Reproduce the data exactly and drop any pictures it holds.

→ DATA TO PROCESS
>>>
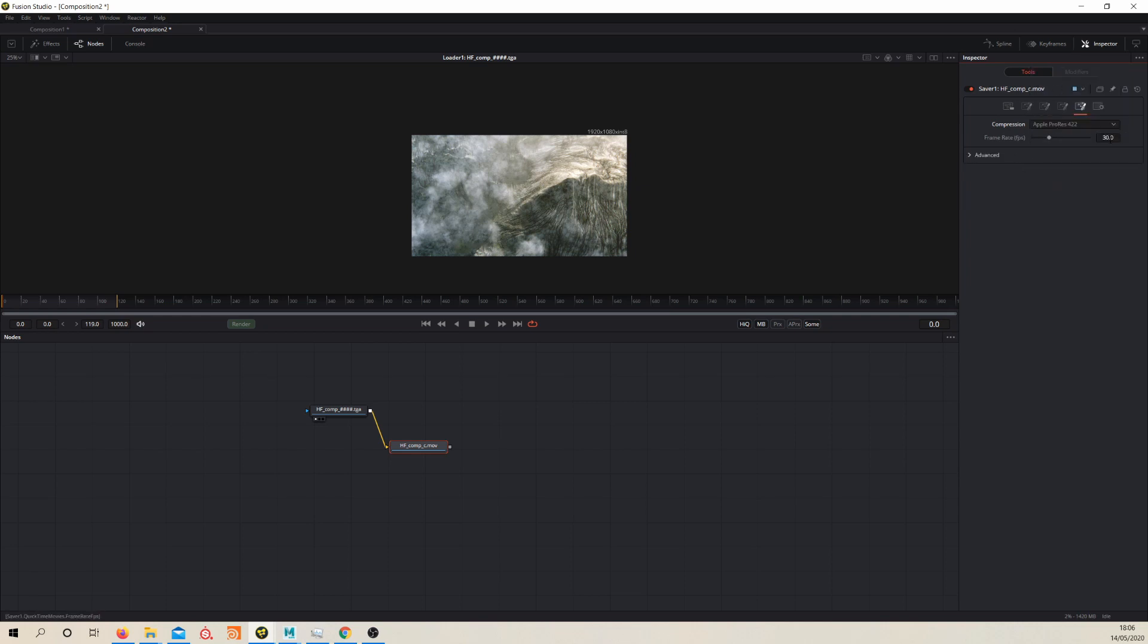Then we can choose our frame rate. In this case, I was preparing this as a 24 frames per second shot. Depending on how this is going to be on your timeline, it's really up to you, but I'm going to go for 24 frames a second.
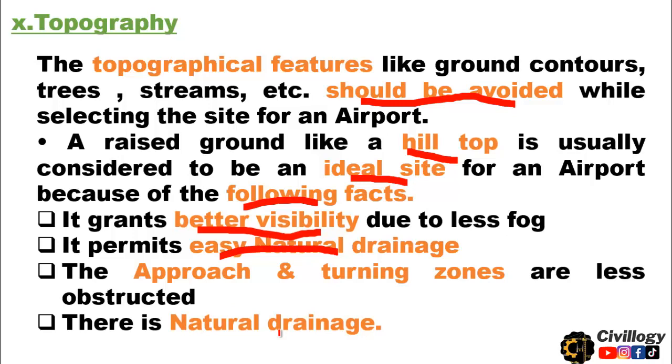These are the 10 most important points which should be kept in mind while selecting the site for an airport.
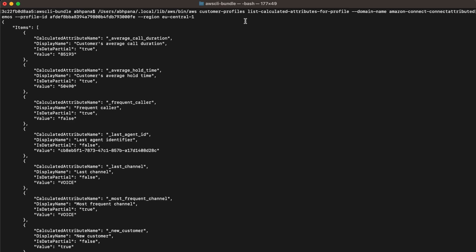Average call duration returns customer average call duration for voice calls. Average hold time returns customer average hold time for voice calls. Frequent caller returns true or false based on number of times a customer has called. It's false in this case. Last agent ID returns identifier of the last agent customer connected with.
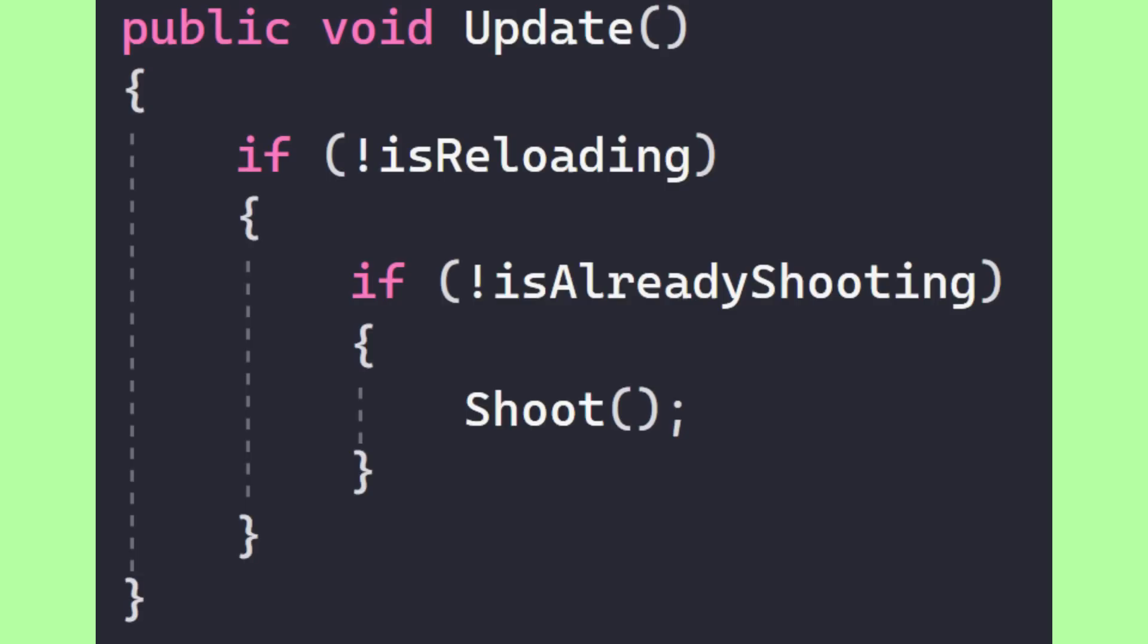This might be fine to start with, but what if you have to add more conditions? Well, then you get this.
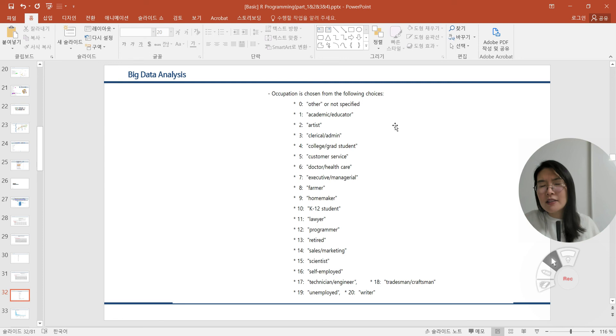In this video, we just started big data analysis with MovieLens datasets. From next video, we will go ahead and discuss about what kind of results are possible. Thank you. See you next movie. Bye-bye.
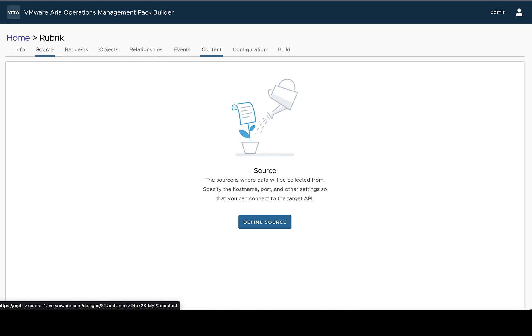There's some ways to modify the configuration of the adapter instance, adding additional fields that may be needed. And then finally, a way to perform collections and build the actual management pack.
<<<
→ RESPONSE AREA
Then we can choose our frame rate. In this case, I was preparing this as a 24 frames per second shot. Depending on how this is going to be on your timeline, it's really up to you, but I'm going to go for 24 frames a second.
These are the 10 most important points which should be kept in mind while selecting the site for an airport.
Average call duration returns customer average call duration for voice calls. Average hold time returns customer average hold time for voice calls. Frequent caller returns true or false based on number of times a customer has called. It's false in this case. Last agent ID returns identifier of the last agent customer connected with.
This might be fine to start with, but what if you have to add more conditions? Well, then you get this.
In this video, we just started big data analysis with MovieLens datasets. From next video, we will go ahead and discuss about what kind of results are possible. Thank you. See you next movie. Bye-bye.
There's some ways to modify the configuration of the adapter instance, adding additional fields that may be needed. And then finally, a way to perform collections and build the actual management pack.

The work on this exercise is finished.